Walking into your first law school class can be an exciting and daunting experience (hopefully more of the former). If you are starting classes this fall, buckle your seatbelt, and take a deep breath.
Law school is a different animal
Whether you took five years off to become the next Steven Spielberg after law school or juts finished undergrad three months ago, law school will be an adjustment. Reading and preparing for law school class is much different than preparing for an undergrad class.
The reading takes longer, makes no sense 50% of the time, and professors tend to ask questions that have nothing to do with the reading.
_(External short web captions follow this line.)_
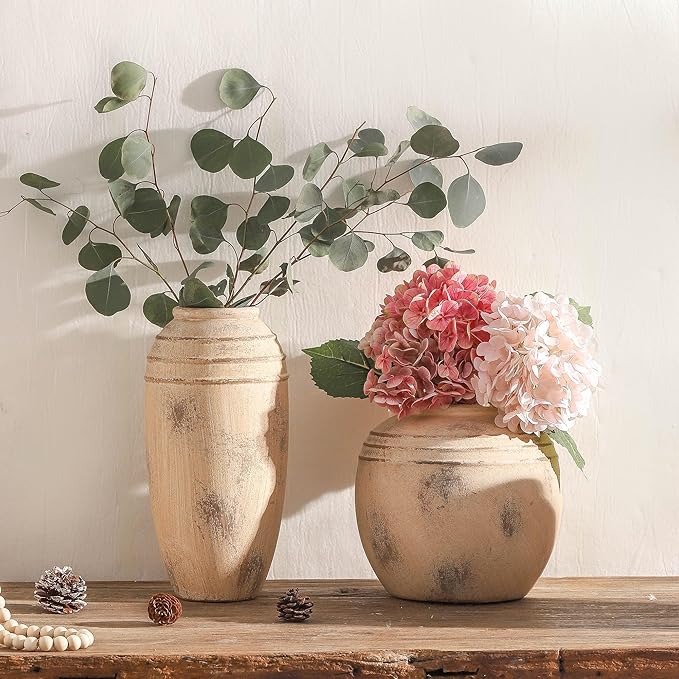 Large Ceramic Vase, 12.87 inch Tall Flower Vase for Home Decor, Vintage Retro Farmhouse Table Vases, Dining Table, Living Room, Kitchen, Office Decoration
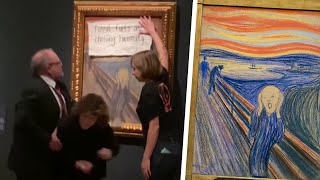 Museum Staff Stops Climate Protest at ‘The Scream’ Painting [upl. by Legna926]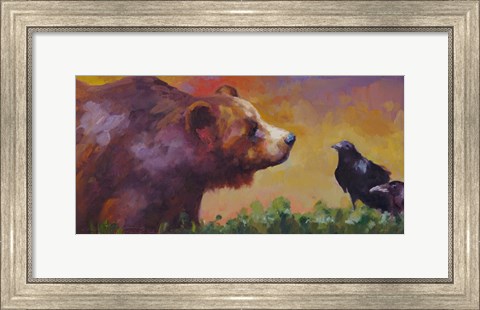 Framed Bear and Birds Print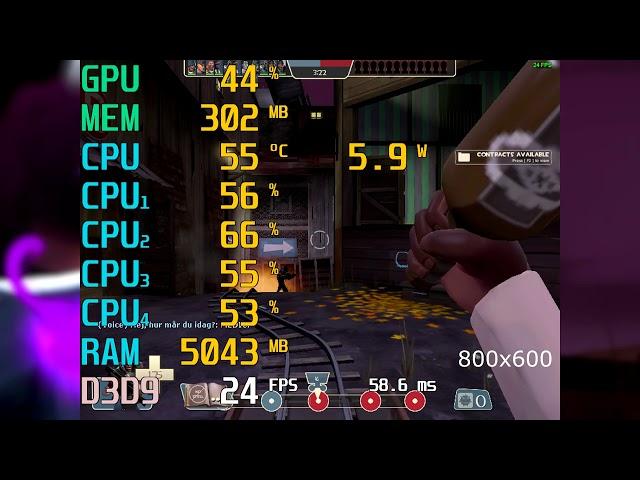 Intel Celeron N3450 \ Intel HD Graphics 500 \ 8GB RAM \ Team Fortress 2 \ @720p 800x600 640x480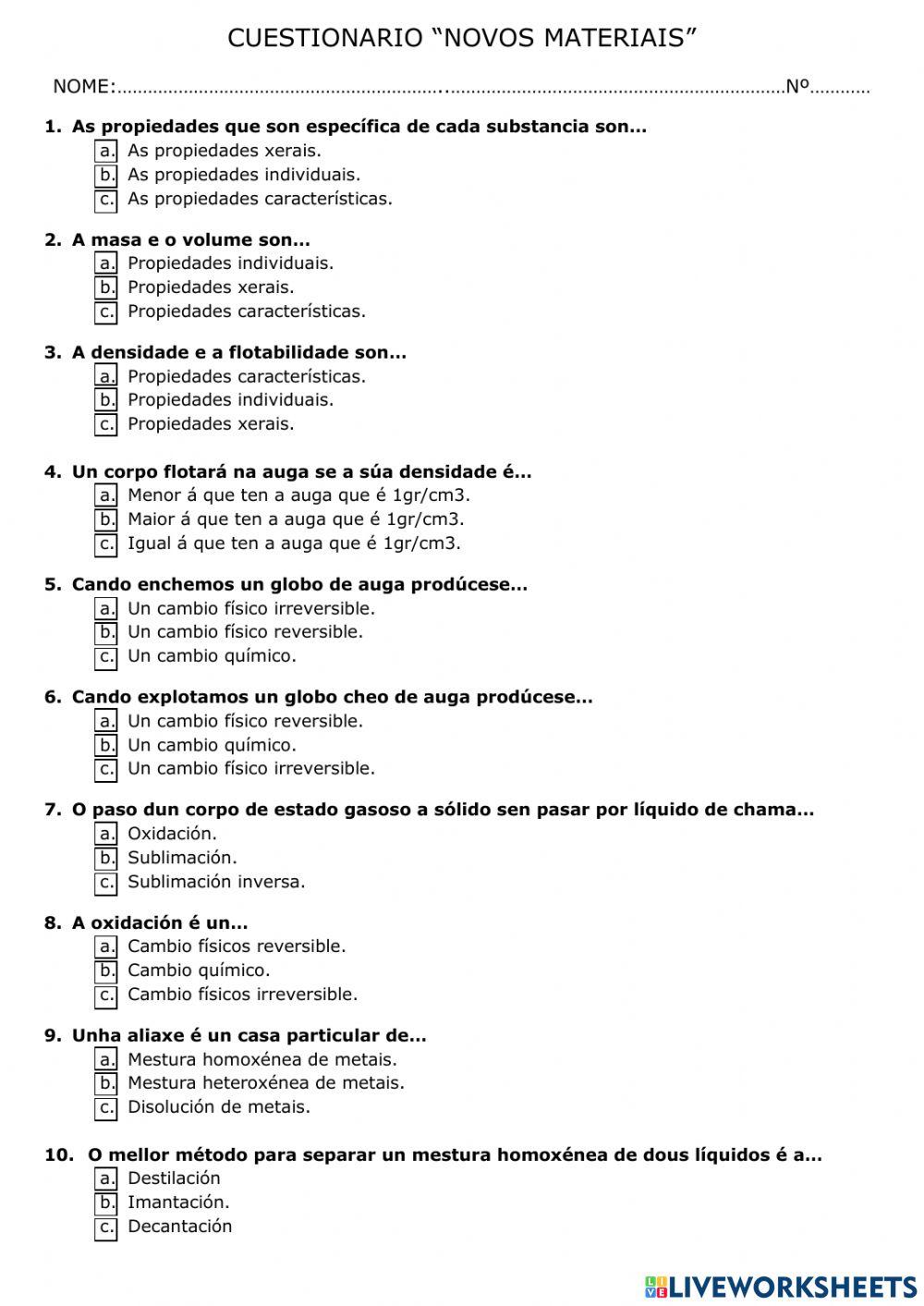 CUESTIONARIO -NOVOS MATERIAIS-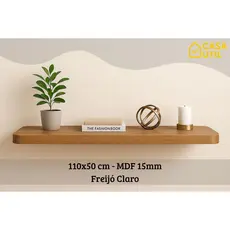 Tampo de Bancada 110x50 cm MDF 25mm Freijó Claro Quinas arredondadas | Mesa Escritório/Aparador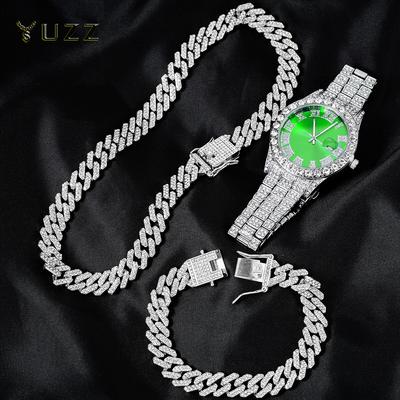Zlatý řetízek Cuban Watch Oblek pro muže Hip Hop Miami Curb Posetý kamínky Bling Rapper Náhrdelník Hodinky+Náramek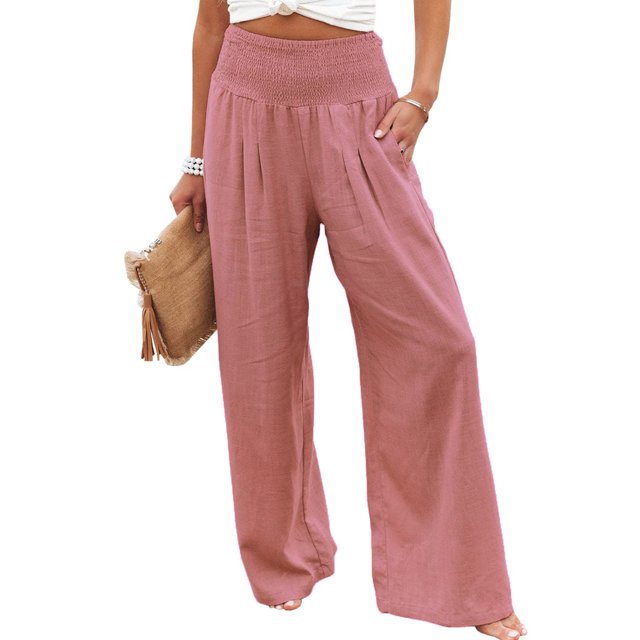 SAYOO Pantalones de algodón femeninos elásticos pantalones de pierna ancha de cintura alta pantalones casuales con bolsillos SAYOO moda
I can still remember spending 45 minutes trying to read two pages of my property law book first week (frankly, I still have no idea what the case was about).
You will adjust and it will get easier
The good news is that you adjust and it will get easier. It will not always take 20 minutes per page of reading. You will find ways to get summaries of the cases before you read them (hint: look online or ask elder law students for outlines). Professors will always ask strange questions, but you will learn to always start an answer with “it depends.”
Give it some time
Having a rough first week does not mean you should drop out. Find a study group, talk to academic advisers, ask your professors for help. For the most part, the key to academic success in law school is developing a study method that works for you, which takes time to get right.
If you like to study by yourself–do it. If a study group helps–go for it. If you read summaries on Wikipedia, skim the reading, and take awesome class notes–stick to that.
Whatever your method, compare the end of your second week to the end of your first week, and you will almost undoubtedly feel better.